Il ricordo di Aldo Moro nella passione per la scrittura di Giovanni De Crescenzo

” Quel mattino di febbraio di tanti anni fa, Roma mi sorprese con un insolito tripudio di sole, di profumi e di colori che offrivano segni palesi di una precoce primavera, iniettandomi una robusta dose di allegria mentre passeggiavo in centro un po’ svagato, tra il vociare fragoroso di turisti americani e il petulante squittire di sempiterni giapponesi che armeggiavano con le loro Nikon. […]

Eravamo sul finire degli anni ’70 e le manifestazioni di contestazione studentesca, spesso anche in forme aggressive, erano molto frequenti nelle piazze come nelle scuole e nelle Università, compresa la nostra, naturalmente. Eppure in quei momenti di colloquio con il Professore riuscivamo a capire l’importanza di mantenere aperto sempre e comunque un dialogo anche con i nostri più lontani avversari, in politica come in altri campi della vita sociale. […]

Ma qualche giorno dopo li leggemmo con sgomento i giornali e ascoltammo impietriti la radio e la TV quando ci mitragliarono nella mente e nel cuore la tremenda notizia: Roma, 16 marzo 1978. Questa mattina, poco dopo le 9,00, in via Mario Fani un commando di terroristi armati ha rapito dalla sua auto di servizio l’onorevole professor Aldo Moro, dopo aver massacrato i cinque uomini della sua scorta.

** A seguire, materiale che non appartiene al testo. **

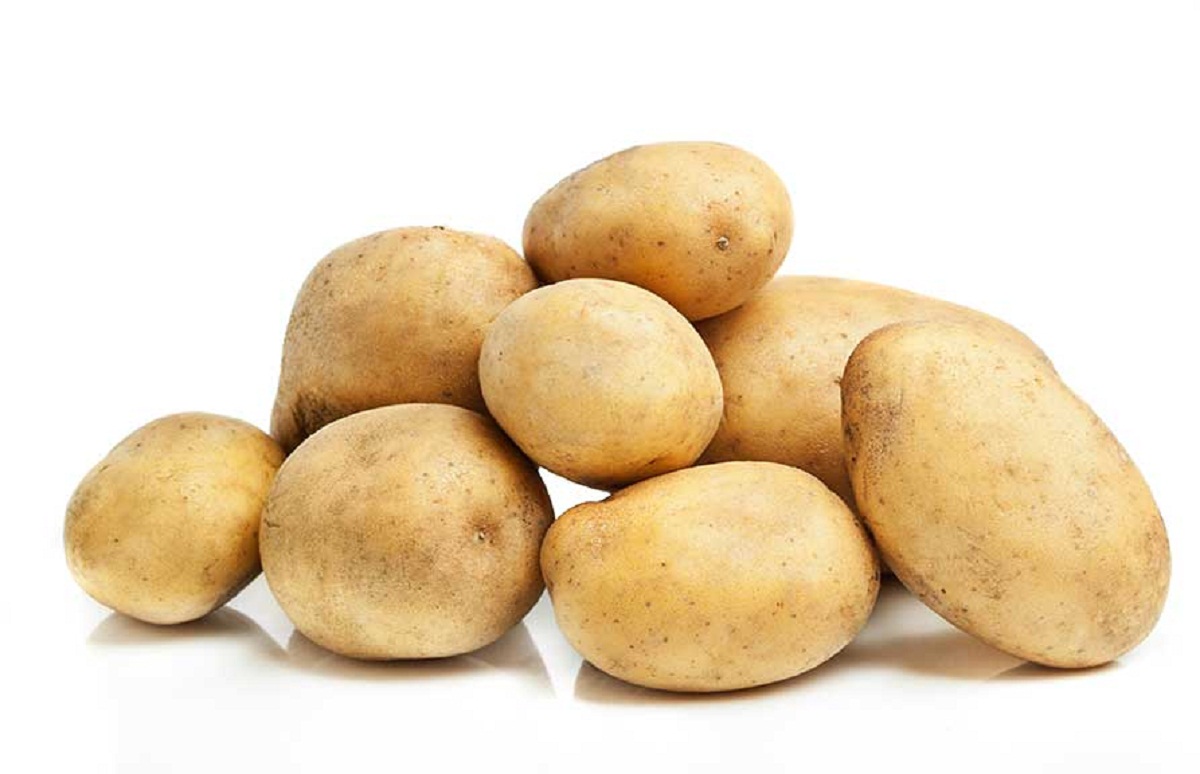 patatas de piel fina en fondo blanco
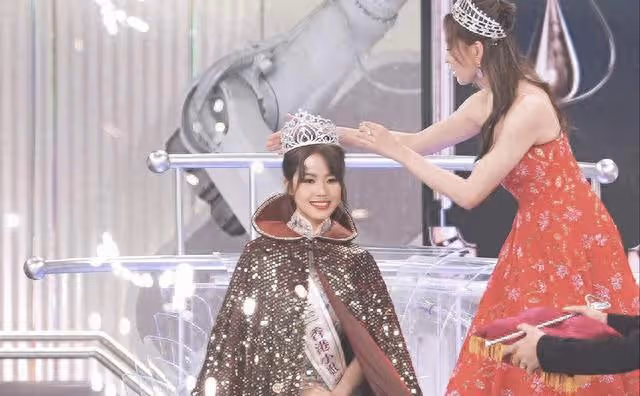 2023香港小姐競選結果出爐，大熱佳麗獲冠軍，戴上300萬鑽石后冠
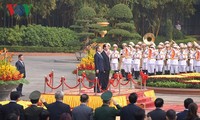 Staatspräsident Tran Dai Quang leitet Empfangszeremonie für Südkoreas Präsident Moon Jae-in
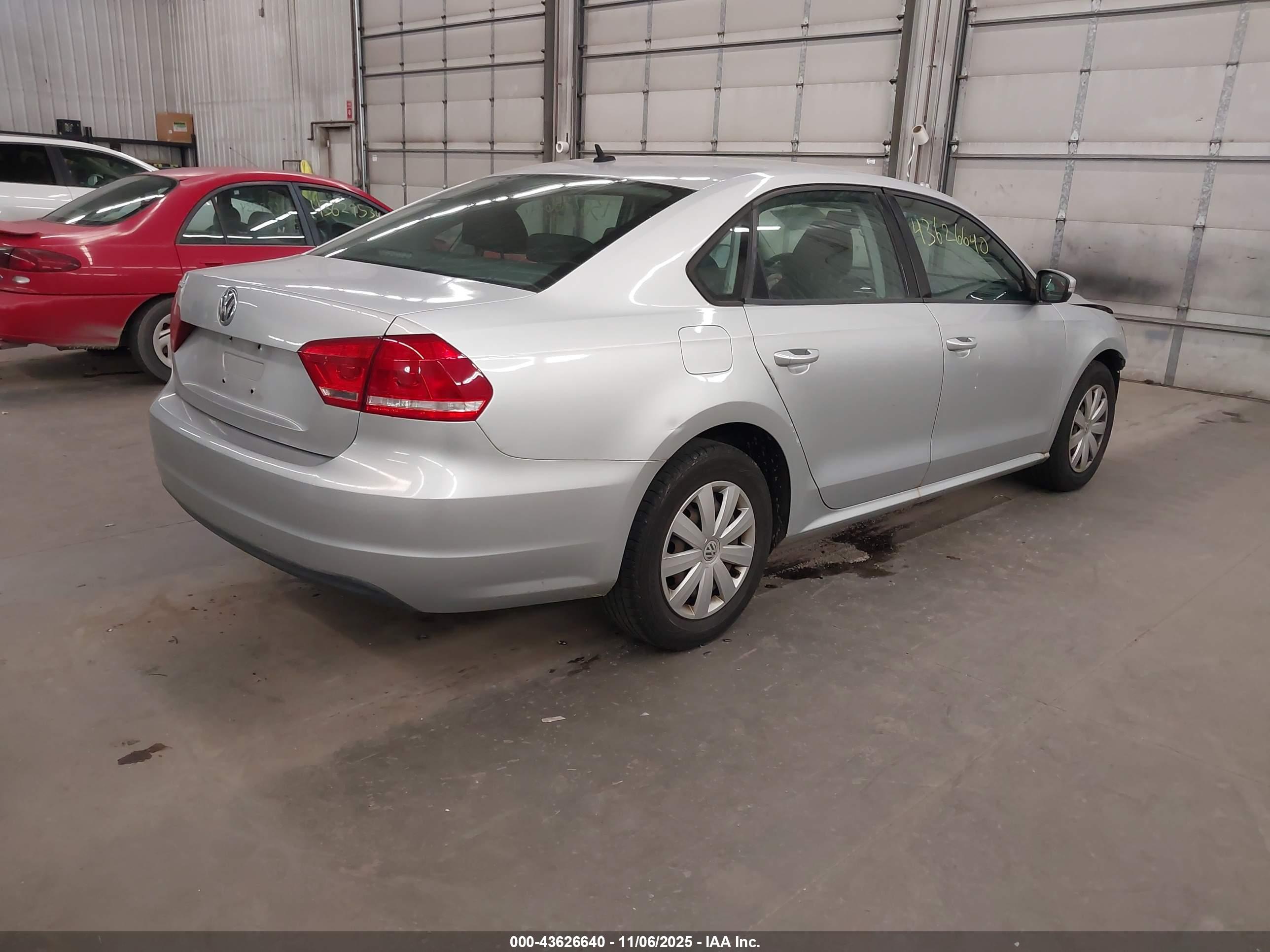 VOLKSWAGEN PASSAT image 4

Tra di loro c’era anche l’amico Oreste. L’onorevole Moro aveva con sé due borse: in una di esse c’erano le tesi di laurea dei suoi studenti. “

Questi sono alcuni dei passaggi del racconto “La Strada” di Giovanni De Crescenzo, autore di poesie e narrativa, che proprio del professor Moro fu studente a Roma, durante i cosiddetti “anni di piombo”.

Dal racconto che l’autore ci offre di Aldo Moro, famoso statista, ma anche professore di diritto e procedura penale presso la Facoltà di Scienze Politiche a Roma, emerge una figura molto umana e sempre puntuale ai suoi impegni di docente, nonostante gli incarichi internazionali che ricopriva in quel periodo, quale ministro degli Esteri.

Una delle sue particolarità era quella di far sempre l’appello all’inizio delle sue lezioni, un po’ come si fosse ancora sui banchi di scuola, anche per un maggiore coinvolgimento degli studenti, dei qual si interessava personalmente, rimanendo spesso a lungo con loro dopo le lezioni, intrattenendoli su temi di politica e di attualità.

Aveva una grande chiarezza espositiva – ci spiega Giovanni De Crescenzo – ed una naturale capacità di entrare in empatia con i giovani. Fu senz’altro una grande perdita per tutti noi”.

A distanza di molti anni da quel maledetto 9 maggio 1978, è ancora vivo il ricordo dello statista nel nostro scrittore, che ha poi svolto tutta la sua carriera professionale nell’ambito dell’Amministrazione della Giustizia, ricoprendo importanti incarichi negli uffici giudiziari di Ancona. Nel suo scrivere, il Dottor De Crescenzo ha sempre ricercato una parte di sé, quasi a creare un ponte tra il prima e il dopo, per avvicinare sempre di più la sua sensibilità a quella del lettore ed unire due cuori e due menti.

Nella sua realtà attuale vi sono la passione per il teatro e per la scrittura, due generi che viaggiano insieme, accomunati da una grande passione e da una grande voglia di raccontare e di raccontarsi, affidando al corpo, alla gestualità e alla voce, la missione di essere portavoce del suo io e di tutto ciò che questo io reclama di dire e desidera sussurrare nella mente altrui.